Wat ik met deze ervaringen wil zeggen? Dat ik Benjamin Netanyahu begrijp als hij zegt dat Joden nooit meer een oorlog mogen verliezen. Want na alle inquisitie, pogroms, holocaust en antisemitisme komt er geen tweede kans op een eigen nationaal bestaan.
De Palestijnen:
* Ik ontmoette in Bethlehem een Palestijnse jongeman, een christen. Hij vertelde me over een broer die tijdens een rel was doodgeschoten door een Israëlische militair. En hij klaagde over al die Amerikaanse en Nederlandse christenen die naar Bethlehem komen om heilige plaatsen te bezoeken en hem en zijn medegelovigen negeren. En als er al iemand hem aanspreekt, wordt gevraagd: je gelooft toch ook dat dit hele land door God aan de Joden is gegeven? ‘Als ik dan zeg dat het land ook van ons is, lopen ze teleurgesteld weg.’
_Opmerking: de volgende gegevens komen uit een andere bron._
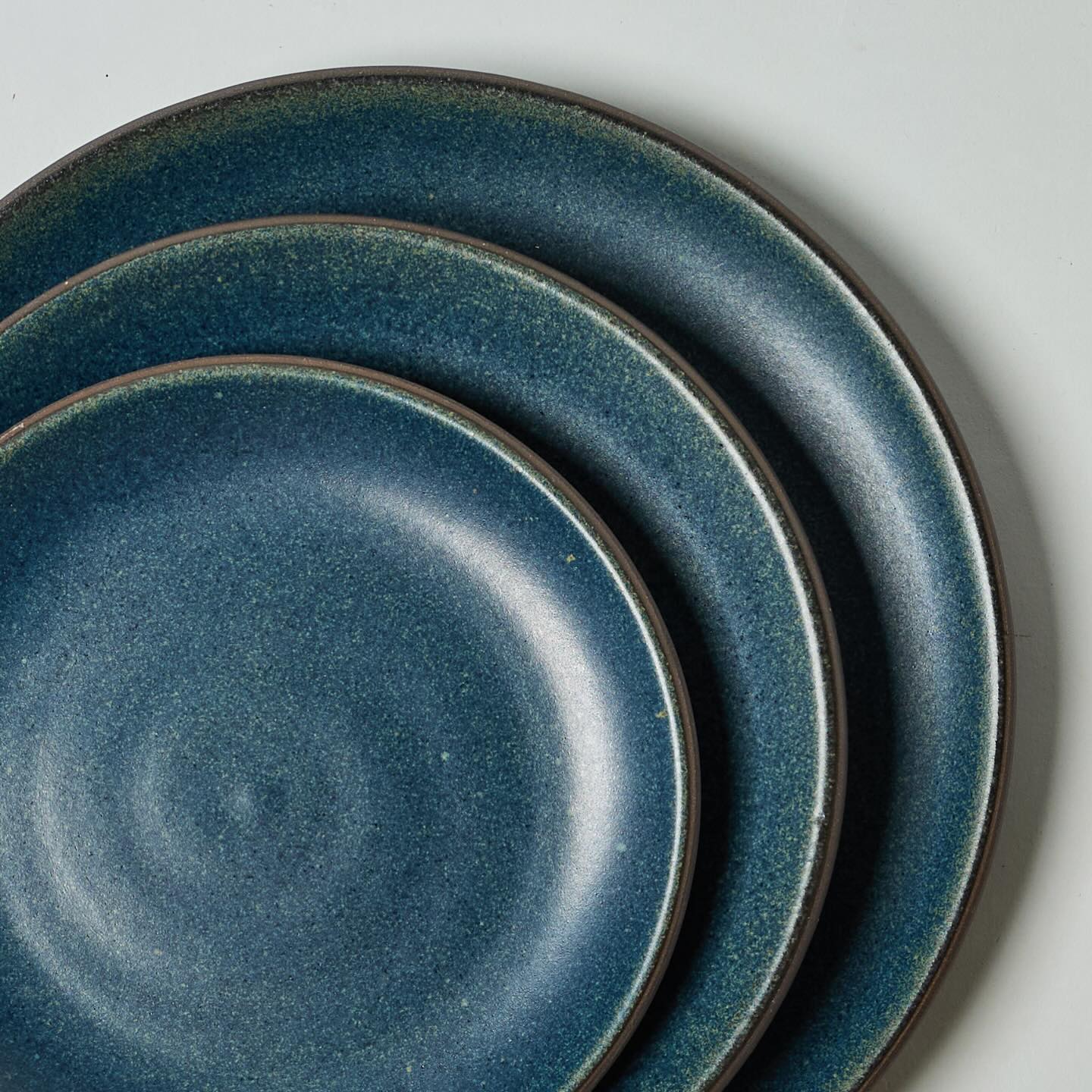 Night blue. A deep blue with elements of green where the glaze is thinner.
#handmade #dinnerware #plates #blue #londonstudio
* Op 42 hectare grond niet ver van Bethlehem woont een Palestijnse familie Nassar. Ze hebben eigendomspapieren nog uit 1906 de Ottomaanse tijd. Maar ja, rond die heuvel bouwden de Israëli’s steeds meer dorpen en stadjes. En dus moeten die Nassars weg. Omdat de Nassars veel internationale steun – Tent of Nations – hebben gekregen, kunnen zij via de rechter hun strijd om hun eigen grond volhouden. Maar onlangs werden ze wel in elkaar geslagen. En toch: we refuse to be enemies, we weigeren vijanden te zijn, zeggen ze. De Nassars zijn Lutherse christenen. Steeds als ik in Israël ben, ga ik bij hen op bezoek.
Wat ik met deze ervaringen wil zeggen?
* Dat de Palestijnen part noch deel hadden aan de holocaust.
* Dat zij niet gevraagd hebben om de stichting van een Joodse staat in het land dat sinds de 7e eeuw vnl. door hun voorouders is bewoond.
* Dat zij zich gediscrimineerd voelen en dat hun onrecht aangedaan wordt, politiek en economisch, door de militair superieure Joodse staat. Die hen in toenemende mate land afneemt.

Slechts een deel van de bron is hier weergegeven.